Der Kommandant empfing den jungen Offizier nicht unfreundlich und konnte sich einer gewissen Neugierde nicht erwehren, den sonderbaren Nachtschwärmer näher kennen zu lernen und den Grund seines eigentlich unerklärlichen Benehmens zu erfahren.

„Man hat sie heute Nacht Flöte spielend auf der Glacispromenade gesehen, Herr Lieutenant — gesehen und gehört . . . . mit dem Helm auf dem Kopf, Herr Lieutenant . . . . ja, mit dem Helm auf dem Kopf und die Flöte spielend . . . . ja, sogar die Pickelflöte . . . . höchst seltsam, in der That, Herr Lieutenant. höchst seltsam! — Wie wollen Sie mir das erklären, Herr Lieutenant?”

„Ob ich dort gesehen und gehört worden bin, weiß ich nicht, Herr Oberstlieutenant . . . . aber dort war ich allerdings zu der angegebenen Zeit, und die Flöte habe ich auch gespielt, das kann ich nicht leugnen,” antwortete Hans in bescheidenem Tone und sah den alten Herrn dabei freundlich lächelnd an.

„ Also es ist richtig . . . . hm!

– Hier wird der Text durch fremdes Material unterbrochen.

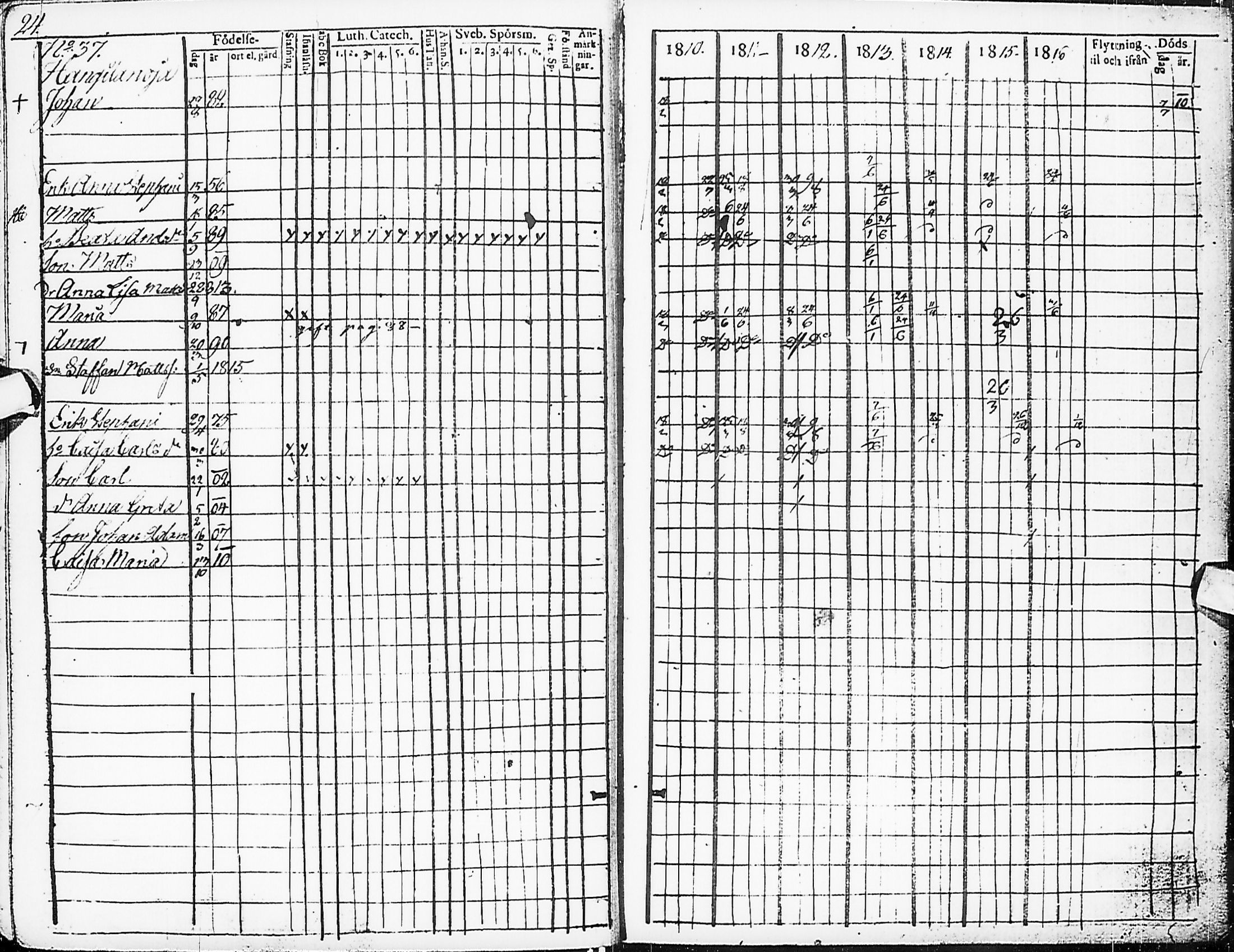 [ ../kirjat/Kirkonkirjat/karsamaki/rippikirja_1810-1823_ik162/kuvat/27.jpg ]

Sehr seltsam, in der That . . . . und deklamirt haben Sie auch . . . . sehr laut . . . . sehr seltsames Zeug . . . . hm . . . . und dabei den Helm auf dem Kopf . . . . äußerst seltsam — auch einen Namen dabei genannt . . . . einen Namen —”

„Der mir unendlich theuer ist, Herr Oberstlieutenant,” unterbrach ihn Hans. „Ich gebe zu, daß, wer mich gesehen und gehört hat, mich kaum verstanden haben wird, Herr Oberstlieutenant, ich bin nämlich ernstlich verliebt, mein Herz jauchzt himmelhoch, weil ich glaube wieder geliebt zu werden, und ist dennoch zum Tode betrübt, weil der Vater meines geliebten Mädchens mir bis jetzt bei jeder Gelegenheit unzweideutige Beweise seiner Abneigung gegeben hat.”

„In der That . . . . hm, höchst seltsam!” brummte der alte Herr und blickte den aufrichtigen Lieutenant erstaunt an. „Und deshalb laufen Sie um Mitternacht im Glacis herum und spielen die Pickelflöte? . . . . In der That, höchst seltsam . . . . und weshalb setzten Sie dazu den Helm auf?” fragte der Oberstlieutenant, dem gerade dieses Faktum am allerseltsamsten erschien, und der durchaus den Grund dafür erfahren wollte.

„Aus Hochachtung für die Dame meines Herzens, Herr Oberstlieutenant!” platzte Hans heraus, der doch unmöglich den wahren Grund dafür angeben konnte, welcher bekanntlich in der Absicht bestand, den Kommandanten irre zu führen.

„Hm, seltsamer Grund! . . . . Sie sind ein sonderbarer Schwärmer!”

„Das sagte König Philipp zum Marquis Posa auch; aber, Herr Oberstlieutenant, der Marquis war Ordensritter und durfte nicht heirathen — ich aber habe sehr stark die Absicht dies zu thun und werde die passende Gelegenheit dazu benutzen, um mein Ziel zu erreichen,” sagte Hans sehr ernst.

„Ei, ei! Sie sprechen ja sehr siegesgewiß, junger Mann,” antwortete der Oberstlieutenant, einigermaßen in Verlegenheit gebracht, da er recht wohl herausfühlte, daß Hans von Hoppe fest auf sein Ziel losging und die ihm aufgedrungene Situation für sich auszunutzen bereit war.

Und diese Absicht hatte er in der That, deshalb trat er einige Schritte näher und sagte:

„Herr Oberstlieutenant, darf ich Ihnen auch den Namen derjenigen nennen, welche mein Herz derartig ausfüllt, daß ich Tag und Nacht nur an sie denke? Es ist Ihr Fräulein Tochter — und ich halte hiermit feierlich um die Hand derselben an.”

Da war es heraus und eine promptere und kürzere Brautwerbung ist wohl selten vorgekommen. Was der Oberstlieutenant dazu gesagt und wie Fräulein Agnes die Sache aufgefaßt hat? Ja nun, das mag sich der freundliche Leser ausmalen — für Liebesgeschichten habe ich kein rechtes Erzählertalent. Thatsache ist, daß der Kommandant kurze Zeit darauf eine große Gesellschaft gab, zu der wir alle eingeladen waren, und daß an dem Abend die Verlobung des jungen Paares proklamirt wurde. Die Geschichte von dem Doppelgänger blieb lange Jahre das Geheimniß der wenigen Mitwisser, und ich selbst habe sie erst nach mehr als zwanzig Jahren erfahren.